家族構成やライフスタイルによって異なるウォーターサーバー使用量の目安

発注ノルマによって無駄に水を購入しないためには、まず、自分の家庭でどのくらいの水を使っているかを把握する必要があります。しかも、ウォーターサーバーの水は飲料目的ですから、単なる水道メーターの数値ではなく、飲料水として使用している量を知りたいところです。ちなみに、人間ひとりが1日に必要な水分量は約2リットルです。そのうち、1リットルほどは食べ物の中の水分から補給していると言われているので、水やお茶などから摂取している量は1リットルほどということになります。したがって、ひとり暮らしの場合、1カ月に使用している飲料水は単純計算で約30リットルになります。

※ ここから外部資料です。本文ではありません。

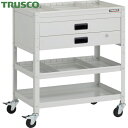 トラスコ TRUSCO ツールワゴン ラビットワゴン 700X450XH810 2段引出 仕切板2段付 ゴム車輪 ホワイト (1台) 品番:RBW-873S2X...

ただし、これは1日中家にいた場合です。1日の半分を仕事などで空けていた場合は水の消費量はずっと少なくなります。家に帰って寝るだけの人なら1カ月10リットルも使わないかもしれません。こうして考えると、ひとり暮らしの家庭に対して、発注ノルマが1カ月ボトル3本(36リットル)は少々多すぎると言えるでしょう。次に、夫婦ふたりで生活している場合ですが、このケースでも夫が仕事に出ており、ウォーターサーバーの使用目的が飲料水やコーヒー、お茶などに限定されるなら1カ月の使用量は30リットルほどが目安となります。

一方、料理にもウォーターサーバーを使うのであれば、40リットル~50リットルといったところでしょう。この時点でようやく発注ノルマをあまり気にしなくてよいレベルとなります。さらに、赤ん坊が生まれるとミルクを作るのにもウォーターサーバーを使うため、使用量はさらに増えます。もちろん、家族構成が同じでもライフスタイルによって水の使用量は大きく変わってきますが、家族3人以上になると、ボトル3本程度のノルマであればさほど気にしなくてよいと言えるでしょう。

自分の家庭で使う水の使用量をしっかり把握するのが先決

ウォーターサーバーのコストはボトルの発注ノルマによって大きく左右される場合があります。もし、あなたが大家族で大量に飲料水を使用することが分かっているのなら、ノルマはそれほど気にすることはないでしょう。しかし、1カ月の飲料水の使用量がよくわからない場合は、最初に発注ノルマのないメーカーのウォーターサーバーを導入するのもひとつの手です。そして、実際にどのくらいの水を使っているのか分かった時点で改めて導入するメーカーを決めればよいのです。とにかく、自分の家庭での使用量を把握するのが、ウォーターサーバーのコストを節約する近道です。